Ce qu'il faut retenir à la lumière de l'article 633.1 du CSR qui a préséance sur la LAAQ, c'est qu'en cas d'accident causé par un véhicule autonome dans le cadre d'un projet-pilote, le gouvernement du Québec a décidé de laisser au ministre la possibilité de tenir le fabricant du véhicule responsable des dommages qui pourraient survenir. Cependant, nous croyons que les lignes directrices entourant cette disposition devront être définies pour clarifier notamment l’exigence de preuve quant à la conclusion d’une responsabilité à l'encontre du fabricant.

Conclusion

Bien que les récents changements législatifs représentent un pas dans la bonne direction, plusieurs aspects tels la cybersécurité, la protection des renseignements personnels, les infrastructures, les assurances et la responsabilité ne sont toujours pas, à ce jour, régis par un cadre législatif. Nous espérons que la sortie récente du Rapport incitera le gouvernement du Québec à revoir ses lois et à prévoir d’autres modifications à apporter au CSR ainsi qu’à la LAAQ en matière de conduite autonome sur une base proactive. Reste à savoir quels impacts ces modifications auront en matière de sécurité, d’assurance et de responsabilité.
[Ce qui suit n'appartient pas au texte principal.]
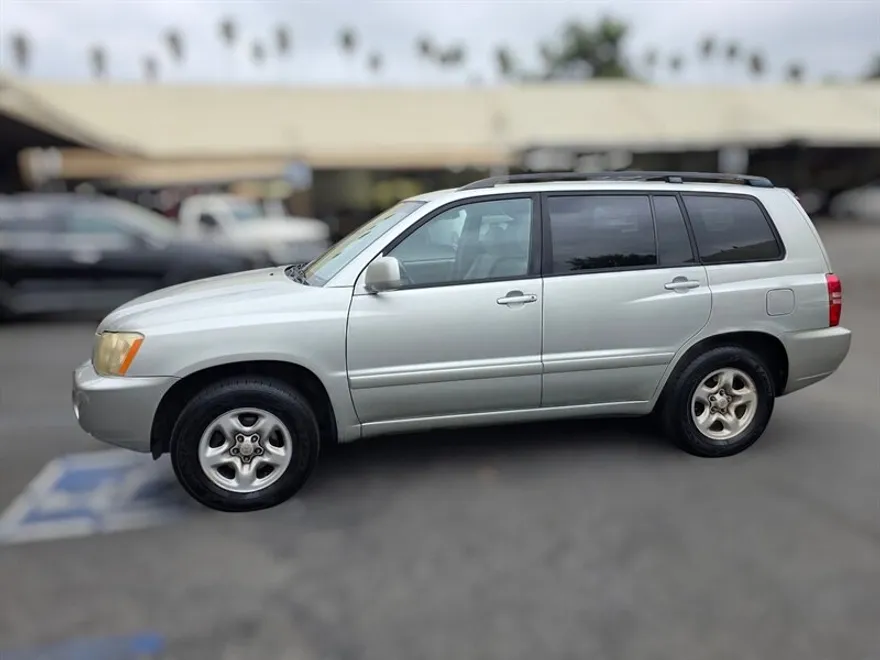 2003 Toyota Highlander photo 1
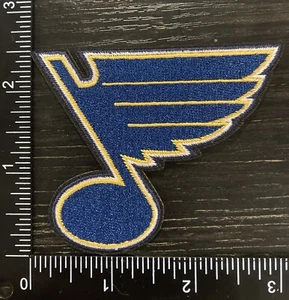 ST. LOUIS BLUES NHL FERRO DA STIRO SU TOPPA RICAMATA - Foto 1 di 1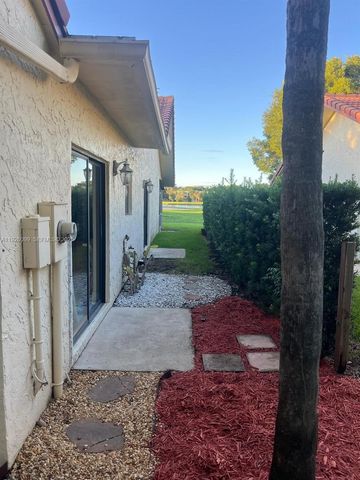 16233 Laurel Dr 17, Weston, FL 33326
1 Comité sénatorial permanent des transports et des communications, « Paver la voie : technologie et futur du véhicule automatisé », Ottawa (29 janvier 2018) [Rapport]

2 LQ 2018, c 7

3 RLRQ, c C-24.2.

4 PL 165, Loi modifiant le Code de la sécurité routière et d’autres dispositions, 1e sess, 41e  lég, 2017 [Projet de loi].

5 LQ 2018, c 7, art. 4

6 La Société des ingénieurs automobiles (SAE) a défini en 2014 un langage commun et un standard (J3016) pour classifier les véhicules autonomes. Le niveau 0 réfère à une conduite automobile contrôlée à 100 % par le conducteur tandis que le niveau 5 correspond au degré d’automatisation le plus élevé qui ne nécessite aucune intervention humaine. Voir un article de Kevin LaRoche et Robert Love de chez BLG, Autonomous Vehicles, 2016. En savoir plus.

7 LQ 2018, c 7, art. 492.8

8 LQ 2018, c 7, art. 633.1

9 RLRQ c A-25 [LAAQ].

10 LQ 2018, c 7, art. 633.1

11 LAAQ, supra note 9, art 5.

12 Ibid, art 84.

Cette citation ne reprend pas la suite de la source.